9.1 The management committee will open a bank account in the name of the Association at a recognised financial institution. The management committee can open more than one account (a current account, savings account or a fixed deposit) as they deem fit.

9.2 The management committee must make sure that all amounts received on behalf of the association are deposited as soon as possible in an account as aforementioned.

9.3 All cheques or other documents which must be signed on behalf of the association, must be signed by two of the following officials namely the chairman, the vice chairman, secretary or the treasurer.

9.4 The first financial period will extend from the date of acceptance of this constitution until 28 February 2011. Thereafter the Association’s financial year will extend until the last day of February of each following year.

9.5 The management committee must see to it that the financial books and records are being kept properly to reflect the business of the management committee.

9.6 The treasurer must see to it that financial statements are prepared according to recognised accounting principles, which statements must include a statement of income and expenditure as well as a balance sheet.

9.7 Within two months after the end of the Association’s financial year, the accountant must peruse the financial statements and certify it as correct and in accordance with recognised accounting principles. Such accountant is appointed on an annual general meeting and can be a member of the Association or another person. If such official is not appointed on the annual general meeting the management committee will be entitled to make the appointment.

9.8 The chairman must prepare an annual report for submission to the annual meeting. The annual report must give a summary of the activities of the past year as well as the proposed activities for the coming year.


10.1 This constitution can be amended by a decision of the association on an annual general meeting or on a meeting which was specifically convened for this purpose.

10.2 Notice of the proposed amendment must be in writing and signed by at least three (3) members.

10.3 Notice of the proposed amendment together with the notice of the meeting must be supplied to all members of the association.

10.4 The members that made the proposal for the amendment, must be present at the meeting failing which the proposal lapses.

10.5 The constitution can only be amended if the motion to amend is accepted by a two-third majority of the members present at the meeting.


11.1 Notices which must be send to a member in terms of the constitution, will be done by means of a fax, ordinary post, e-mail or SMS to the address, fax-number or cell-number of the member as it appears on his application of membership.

11.2 A member may make alternative arrangements with the secretary for the service of the notice at his / her own cost.


12.1 The Association may be dissolved in terms of a decision on an annual general meeting provided that proper notice of such a motion has been given.

12.2 On dissolution of the Association the assets of the Association will not be divided between the members, but it will be carried forward by means of a donation to an association with similar objectives as the management committee may decide.
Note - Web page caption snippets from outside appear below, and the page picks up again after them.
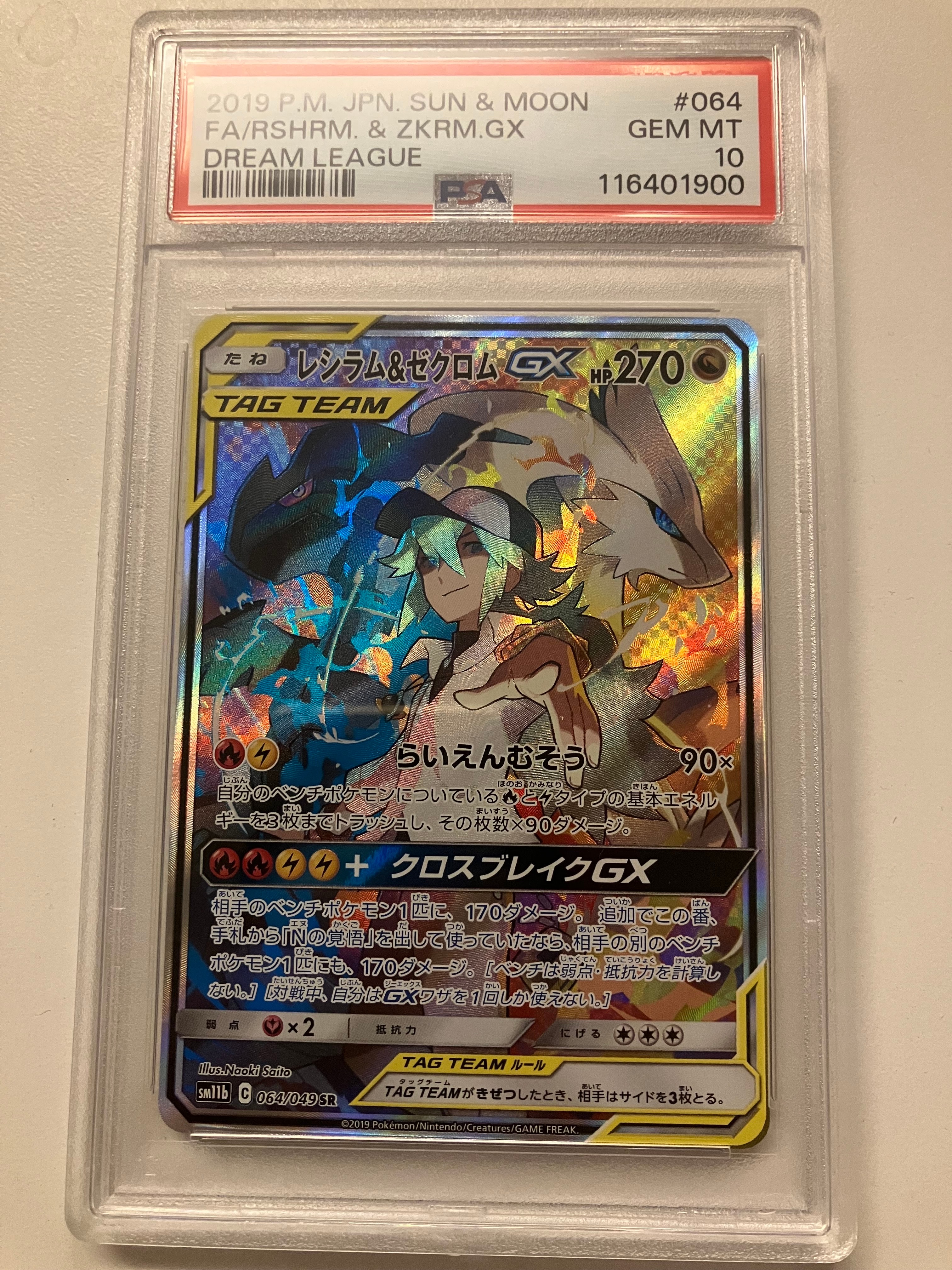 レシラム&ゼクロムGX (N) SR :SA [SM11b 064/049](強化拡張パック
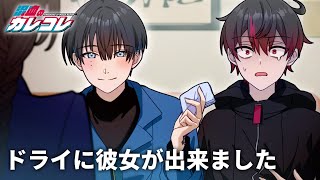ドライに彼女が出来ました【アニメ】【漫画】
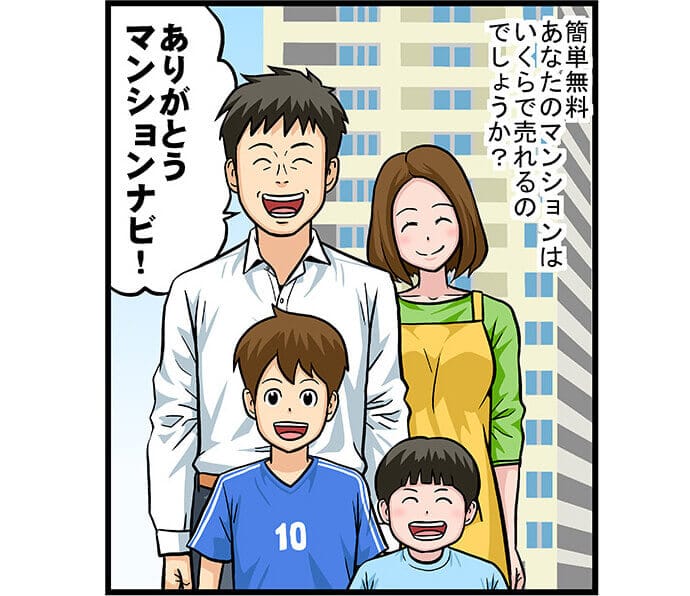 マンションナビ 一軒家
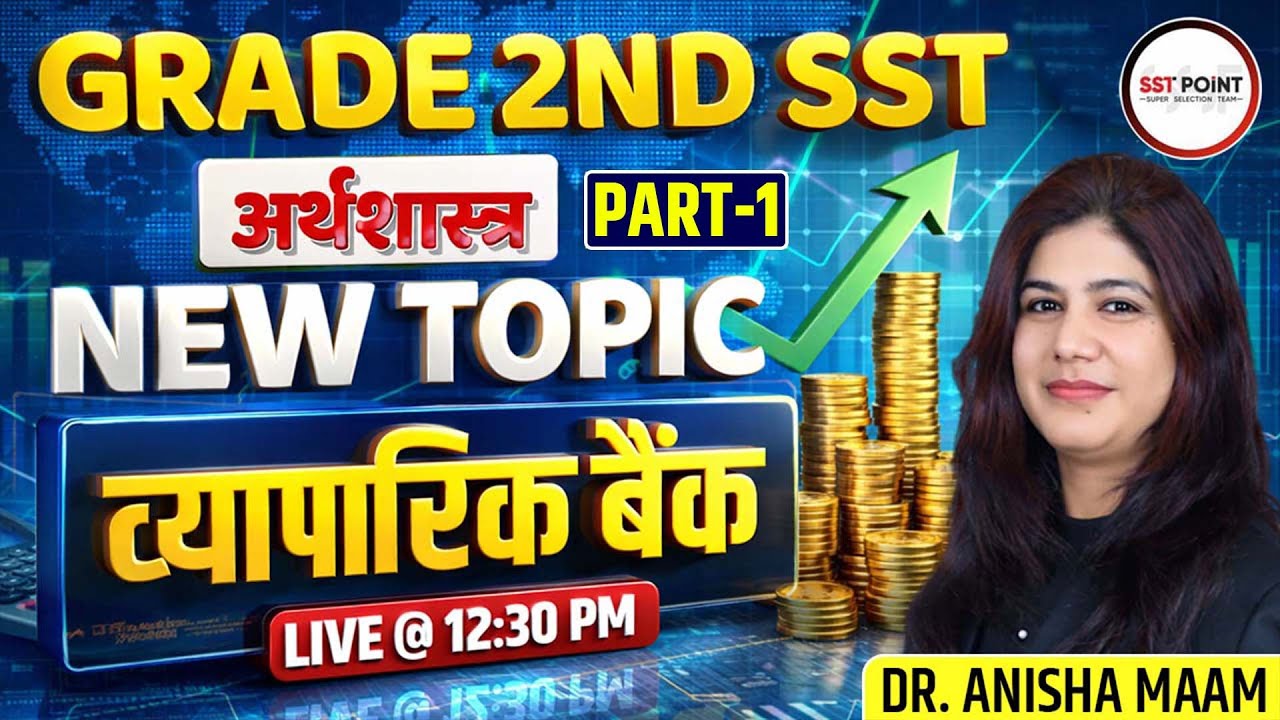 GRADE 2ND SST 2026 | अर्थशास्त्र | New Topic व्यापारिक बैंक Part-1 | By Dr. Anisha Maam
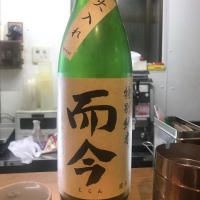 
            而今_
            たけさん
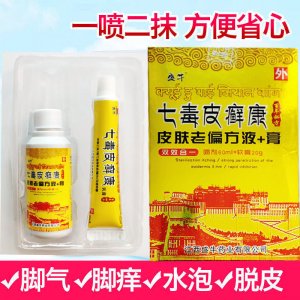 江西省同民堂藥業(yè)有限公司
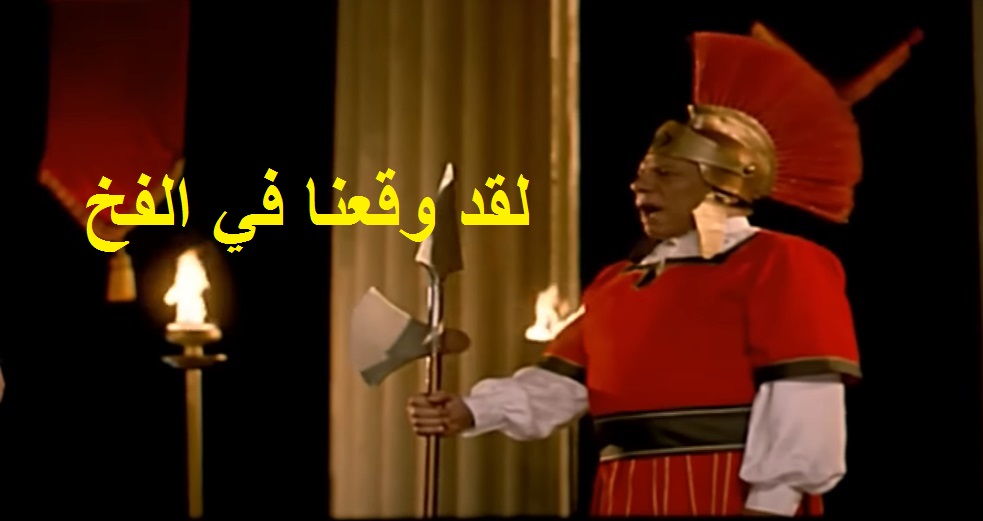 فاكرين لما قلت لحضراتكم إن اليمنيين يضعون (أهداف وهمية) لتشتيت واستنزاف قوة الخصوم؟

أمريكا وبريطانيا للمرة الثالثة يعلنون قصف صواريخ جاهزة للتصويب، تبين لاحقا أنها كانت (مُجسمات خشبية ووهمية) لاستنزاف القصف الأمريكي وإيهامه بتقليص القدرة على ضرب السفن..

اليوم تم استهداف 3 سفن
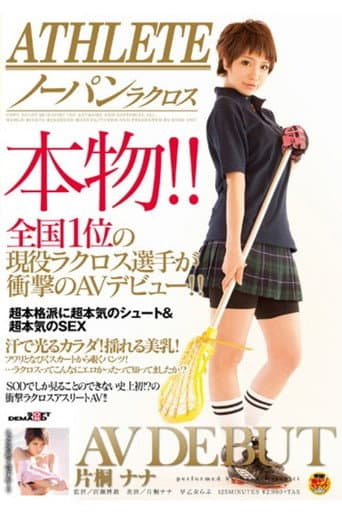 Poster for Athlete - The Real Thing! Top National Lacrosse Player Nana Katagiri in Shocking AV Debut!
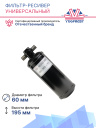 Фильтр-ресивер универсальный 5/16 oring 0.5L (Август) фото 3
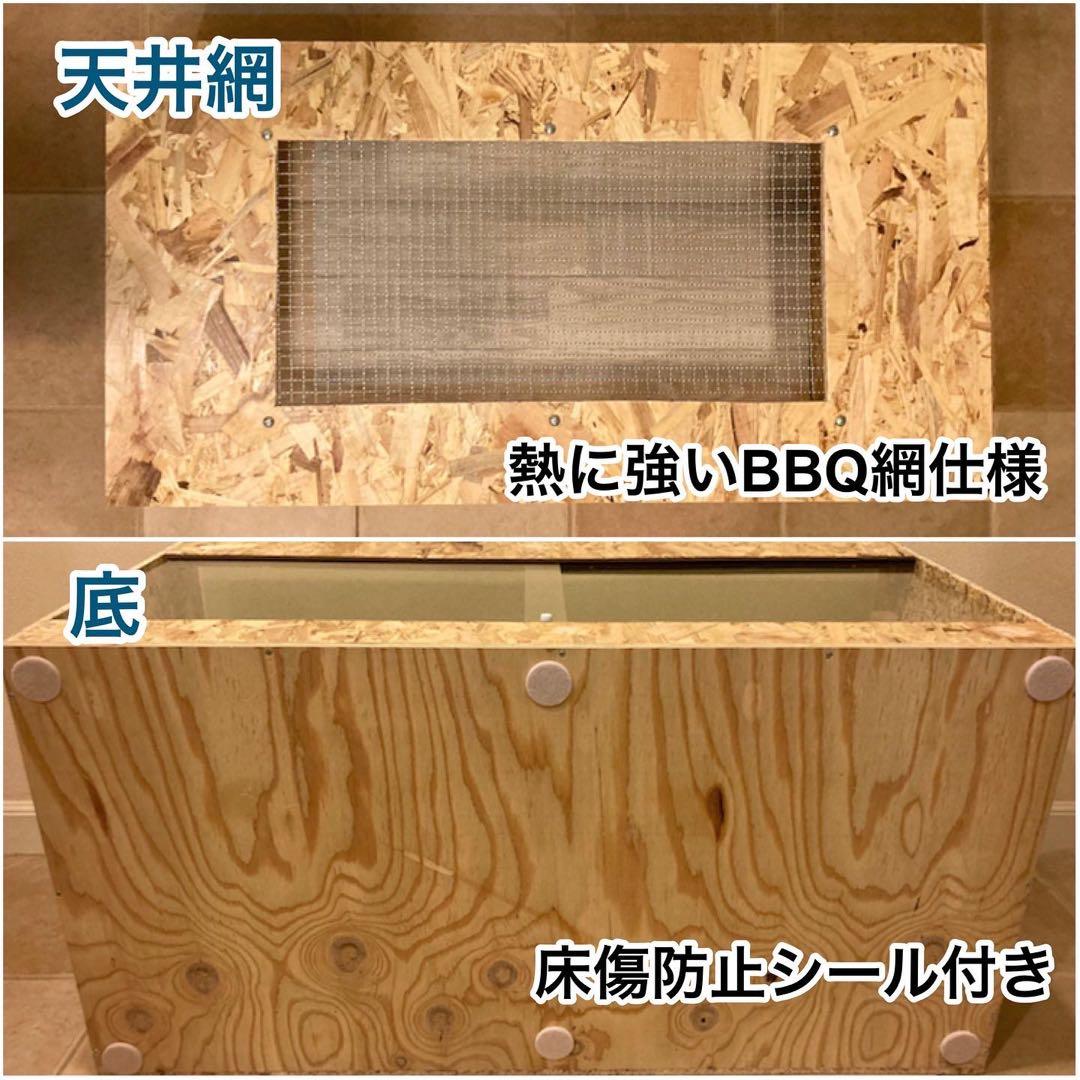 爬虫類ケージ　木製ケージ　 フトアゴ　ハリネズミ フルオプション送料込み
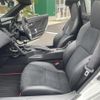 honda s660 2016 -HONDA--S660 DBA-JW5--JW5-1017091---HONDA--S660 DBA-JW5--JW5-1017091- image 8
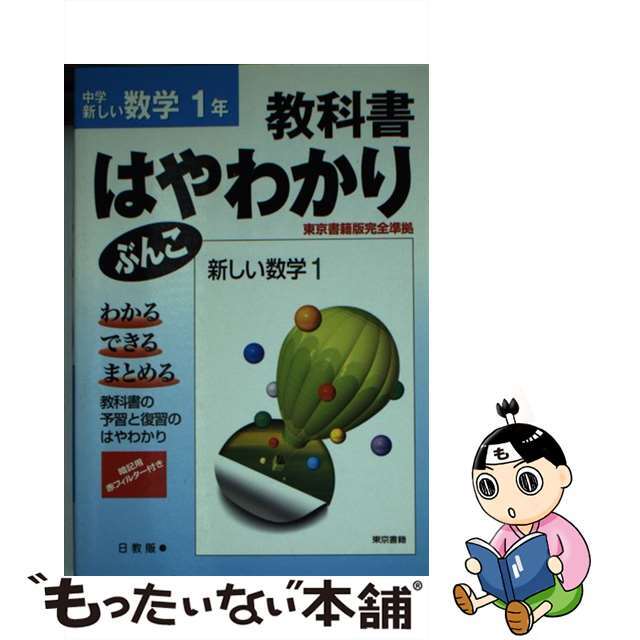 中古】東書版数学1年/日教販 限定価格セール! www ...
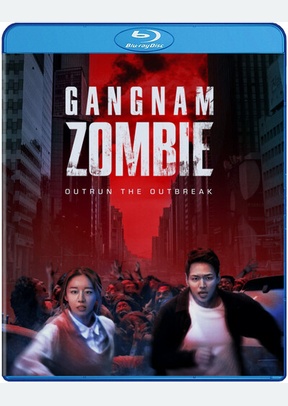 Gangnam Zombie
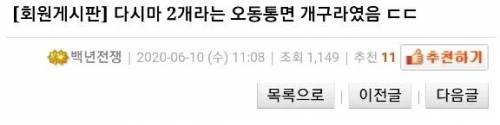 다시마 2개라는 오동통면 개구라였음 ㄷㄷㄷ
This Constitution was adopted at an information meeting, which was held on 2 June 2010.

ANNEXURE “A”           

DATE: __________________________________




  1. To make use of professional and other services and even to appoint staff members for the association.
  2. To institute or defend legal proceedings and to be generally involved in litigation, to appeal against any ruling, to settle any matter by way of arbitration or otherwise.
  3. To open bank accounts at an approved financial institution and to operate thereon.
  4. To invest or re-invest funds at an approved financial institution.
  5. To accept grants to the association and to keep it as it was received or to realise it with the right to use or invest the proceeds.
  6. To acquire movable and immovable assets by purchasing them or by other means and to sell, dispose of or to encumber such assets.
  7. To take up loans against surety or otherwise.
  8. To work with other institutions with similar objectives and / or to amalgamate, merge or affiliate with such institutions.
  9. To exercise all normal management and executive duties as is usually exercised by the management of a company.